Let’s hear it for the girls…
As a child, I was never what was (derogatorily) termed a “girly girl”, in other words, dressed in pink frills, with an army of Barbies marching absurd-legged across my bedroom floor. Partly by accident: mine was a childhood of inherited clothes and toys, many from the children over the road – male and female. And partly by design: my mother, having gone through the same childhood of hand-me-downs, did not believe in gender-specific toys, or the colour pink (although she then faced a quandary when my brother begged to dress as Cinderella on a daily basis).
And I have often had boy best friends, from the brilliant Aidan, with whom I giggled through four years of adventures at nursery and primary school, before he was whisked away to private school (and less “malign” influences), to my once cross-dressing brother James, who shares my sense of humour, my political convictions, and my Neanderthal hairline.
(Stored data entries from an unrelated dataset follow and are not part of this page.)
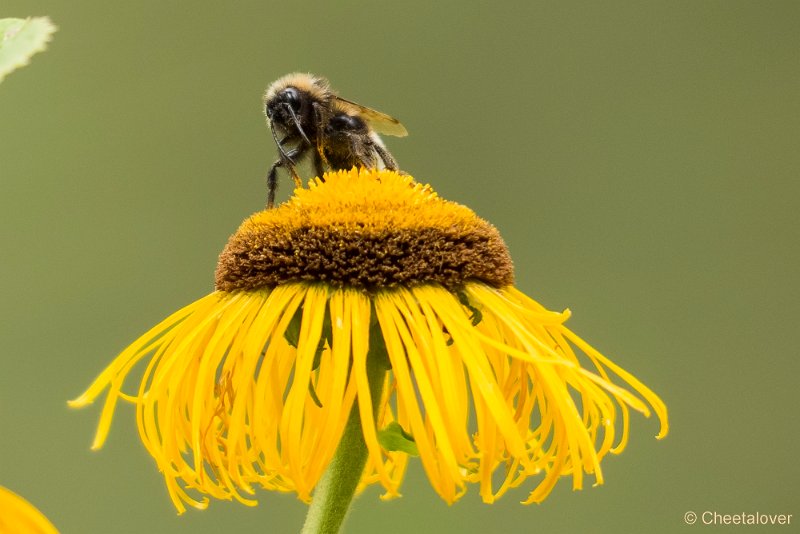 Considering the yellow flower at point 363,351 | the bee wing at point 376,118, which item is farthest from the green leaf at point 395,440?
the bee wing at point 376,118

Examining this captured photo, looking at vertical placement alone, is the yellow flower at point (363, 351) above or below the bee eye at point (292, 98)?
below

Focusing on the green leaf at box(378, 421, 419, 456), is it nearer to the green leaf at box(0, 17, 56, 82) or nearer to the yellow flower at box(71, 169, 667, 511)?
the yellow flower at box(71, 169, 667, 511)

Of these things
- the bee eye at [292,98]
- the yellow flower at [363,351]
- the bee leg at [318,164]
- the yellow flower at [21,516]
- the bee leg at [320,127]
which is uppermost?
the bee eye at [292,98]

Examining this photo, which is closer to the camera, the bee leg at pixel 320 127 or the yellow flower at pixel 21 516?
the yellow flower at pixel 21 516

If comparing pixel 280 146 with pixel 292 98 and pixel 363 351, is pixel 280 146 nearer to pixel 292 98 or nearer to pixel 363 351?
pixel 292 98

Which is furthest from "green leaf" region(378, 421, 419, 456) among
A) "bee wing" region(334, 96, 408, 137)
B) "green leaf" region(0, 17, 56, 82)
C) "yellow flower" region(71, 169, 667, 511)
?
"bee wing" region(334, 96, 408, 137)

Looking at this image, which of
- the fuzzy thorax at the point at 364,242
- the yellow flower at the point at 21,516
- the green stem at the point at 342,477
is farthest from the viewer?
the fuzzy thorax at the point at 364,242

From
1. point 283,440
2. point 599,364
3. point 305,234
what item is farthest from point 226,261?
point 599,364

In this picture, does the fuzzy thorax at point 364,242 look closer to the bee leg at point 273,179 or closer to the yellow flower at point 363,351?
the yellow flower at point 363,351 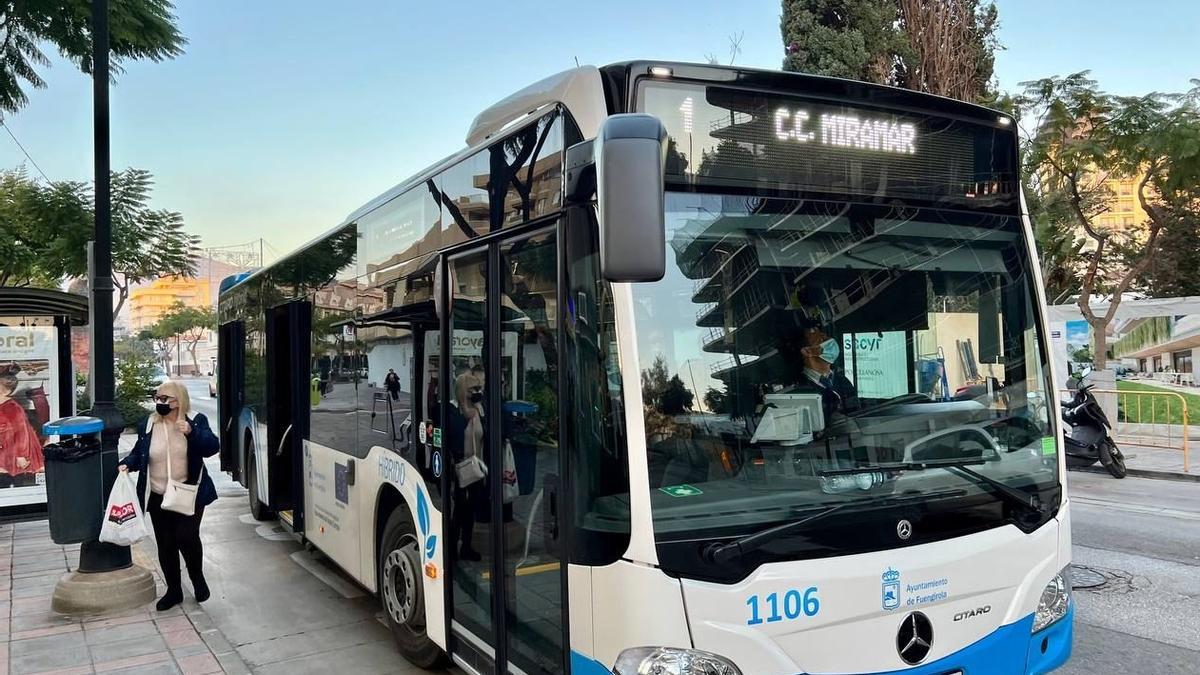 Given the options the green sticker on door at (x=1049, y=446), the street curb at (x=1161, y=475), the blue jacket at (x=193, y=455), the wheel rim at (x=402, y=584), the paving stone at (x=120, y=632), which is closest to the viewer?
the green sticker on door at (x=1049, y=446)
And yet girls have been a constant, if not always in real life, at least in my head. They have been friends I have carried with me throughout my childhood and adulthood. Friends who, at times (in the olden days before mobile phones and computers, when friendships survived by letter alone), have been as real to me as Henny, Boo, Jude, Frosties, Rachel, Karen, Catherine and the rest. These creatures are not figments of my imagination, but the imagination of other women: The impetuous, passionate Cathy in Wuthering Heights by Emily Bronte; the shy debutante Penny and her dazzling best friend Charlotte in The Lost Art of Keeping Secrets by Eva Rice; Daphne du Maurier’s unnamed narrator in Rebecca, living in the shadow of another woman, and the courageous Dona in Frenchman’s Creek, in love with another man; and, most of all, the “consciously naïve” would-be writer Cassandra Mortmain in Dodie Smith’s wonderful I Capture the Castle.
These women, and their creators, like my true friends, are my companions, and my heroines. Women I turn to for their wisdom and comfort and escape, maybe not constantly, but every few years, as I reread their stories, and who I will continue to reread long into the future, as they continue to inspire.